• 8 - Compagnie

    Ce fut au cour de cette nuit-là que le prince fut réveillé par des pleurs. Il se réveilla en sursaut comme cela ne lui était plus arrivé depuis des jours. Son cœur se mit à battre la chamade alors que son cerveau tentait de comprendre le son qu’il recevait. Finalement, Soliflane finit par réaliser que c’était des pleurs de bébé. Il bondit de son lit, traversa les couloirs en courant pour atteindre la chambre, en sueur et essoufflé.

    -Je suis là !

    La fée, forme transparente et blanche se tenait en bout de lit et finit de s’évaporer à son entrée. Soliflane fit à peine attention à sa présence. Toute son attention focalisée sur, non pas un, mais deux nouveaux-nés posaient à même le sol, à côté du lit. Il se tourna vers la princesse, puis se souvint soudain qu’il était le seul à pouvoir agir. Le prince courut raviver le feu, mis son poignard dans les flammes quelques instants puis revint aux enfants. Il s’arrêta devant les cordons en se demandant s’il y avait une certaine longueur à respecter. Les bébés sales, hurlants, le firent paniquer :

    -Tant pis, je fais au hasard.

    Soliflane coupa, prit un des enfants et s’approcha d’un des seaux encore remplit d’eau. Il s’arrêta à nouveau quelques secondes en se disant que l’eau devait être froide, mais le jeune homme se secoua, prit un drap qu’il avait gardé en prévision, en trempa un bout et nettoya l’enfant. Il prit un autre drap pour l’envelopper et le posa sur le lit et fit de même avec le second. Quand ils furent ainsi enveloppés, Soliflane prit le temps de les observer, puis se fendit d’un sourire :

    -Vous devriez les voir. Ils sont mignons, tout petit, petit. Je n’ai jamais été aussi petit, moi.

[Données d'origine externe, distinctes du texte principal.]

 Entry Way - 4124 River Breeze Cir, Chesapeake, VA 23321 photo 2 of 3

    Comme les enfants continuaient de hurler, il réalisa qu’ils devaient avoir faim.

    -Je suis désolée. C’est pour la bonne cause, je vous le jure.

    Le jeune homme déboutonna la chemise de nuit de la princesse pour en dégager la poitrine et approcha les enfants. Quand ils se mirent à téter, le prince nettoya la jeune fille. Soliflane réussit à retirer les draps souillés après de nombreuses manœuvres pour déranger le moins possible la mère et ses enfants. Puis, il dut courir pour trouver un autre drap afin de recouvrir la princesse. Enfin, Soliflane resta près d’eux jusqu’à ce que le sommeil les emporte tous les trois.

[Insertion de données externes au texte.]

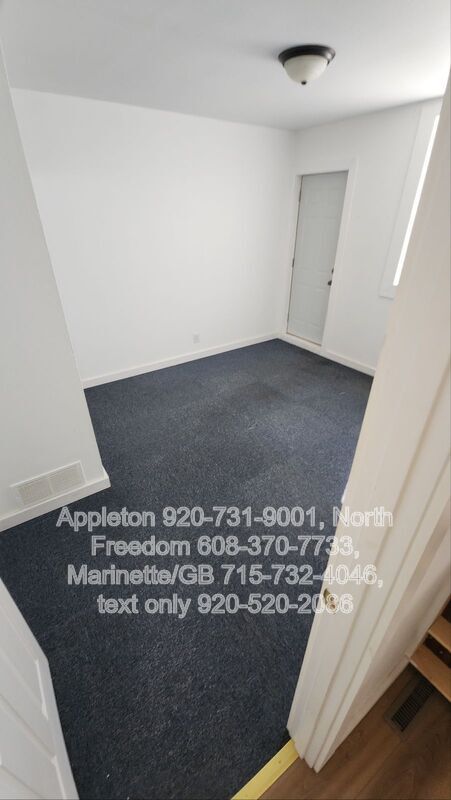 Building Photo - S7559 US-12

    Un rayon de soleil qui s’évertuait à lui chauffer le visage finit par le réveiller. Le prince ouvrit les yeux, réalisa vaguement qu’il n’était pas dans sa chambre, comprit progressivement qu’il avait dormi en boule au pied de la princesse, puis soudain, les hurlements le firent sursauter et il dégringola du lit.

    Se relevant maladroitement, Soliflane annonça :

    -Je suis là, je suis là.

    Il observa les bébés et hésita :

    -Je suis là, mais je n’ai pas la moindre idée de ce que je dois faire.

    Comme la princesse ne semblait toujours pas désireuse de participer, le jeune homme prit l’un des enfants et le berça. Quand le nouveau-né fut calmé, il courut faire de même avec l’autre. Il posa les enfants endormis de part et d’autre de leur mère et remit le drap pour cacher la nudité de la jeune femme. Alors, Soliflane s’allongea près d’elle :

    -Vous voulez que je vous dise ? Mon problème n’est pas résolu, en fait. Je ne vais pas vous laisser avec deux bébés. Comment ils vont faire pour se nourrir ?

    Le prince observa le visage de la jeune fille à quelques centimètres du sien. Dans cette position, il arrivait à l’imaginer tournant la tête et ouvrant les yeux vers lui pour lui sourire. Son cœur doublait de rythme à chaque fois. Pourtant, elle ne bougeait jamais un cil.

    -Vous vous rendez compte que j’aurais un an de plus dans quelque jour ? Bon, si on veut vraiment s’attarder sur les détails, vous avez presque cent ans, je suis quand même loin de vous rattraper. C’est bizarre de penser qu’en venant, j’avais votre âge quand même.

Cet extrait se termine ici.